A Mina Santana é mais uma ferida aberta no povoado. O local foi abandonado pela Companhia Carbonífera Urussanga (CCU) alguns anos depois da explosão. Sem a adoção de técnicas para evitar a contaminação do local, as cavas subterrâneas se encheram de água e um pântano sulfuroso se criou diante da antiga boca da mina. Virou outro foco de drenagem ácida que corre para o rio Carvão.

Para ver a cena, entretanto, é preciso caminhar no meio do matagal alto e atravessar córregos sujos usando troncos improvisados como pontes. “A gente gostaria de levar umas flores para lembrar os nossos mortos, mas nem a isso tivemos direito, porque é impossível chegar lá”, lamenta Rita de Cássia Alves Zanelatto, que tinha 18 quando o irmão morreu na explosão e hoje, aos 56, tem o coração partido pelas memórias dolorosas.

No ano 2000, uma decisão judicial determinou que as mineradoras responsáveis pelos danos ambientais em Rio Carvão deveriam recuperar as áreas exploradas, despoluir os rios, fechar corretamente as bocas de mina abandonadas e restaurar a paisagem que ficou só na memória dos mais velhos. Mas àquela altura a maioria das empresas tinha falido e, por isso, a tarefa foi entregue ao governo federal, que a executa a um ritmo insatisfatório. “Esse passivo entrou na lista imensa de precatórios da União, está muito atrasado, o cronograma nunca se cumpre”, lamenta o procurador Viana Filho.

Enquanto isso, as famílias donas das minas de carvão abriram outras empresas que seguem explorando a atividade. “Os direitos minerários são todos muito antigos, vêm desde a década de 1930 nas mãos das mesmas famílias”, explica o representante do MPF.

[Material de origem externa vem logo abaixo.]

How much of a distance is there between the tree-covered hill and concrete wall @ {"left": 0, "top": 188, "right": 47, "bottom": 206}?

A família Zanette, de Criciúma, por exemplo, era proprietária da CCU, cuja Mina Santana explodiu. Hoje, comanda a Rio Deserto, que protagonizou outro embate judicial com a comunidade no qual a vitória popular, obtida em 2016, ficou só no papel.

Naquele ano, a Justiça Federal obrigou a Rio Deserto e a Coquesul, que mantêm juntas uma coqueria — tipo de planta industrial que aquece o carvão a altíssimas temperaturas para gerar um derivado chamado coque — a pagarem R$ 400 mil em indenizações coletivas, além de aplicarem métodos que assegurassem que o ar expelido pelas suas chaminés era limpo. Moradores se queixavam de problemas respiratórios e de partículas negras que caíam do céu e faziam murchar as hortas, manchando também o piso das casas. 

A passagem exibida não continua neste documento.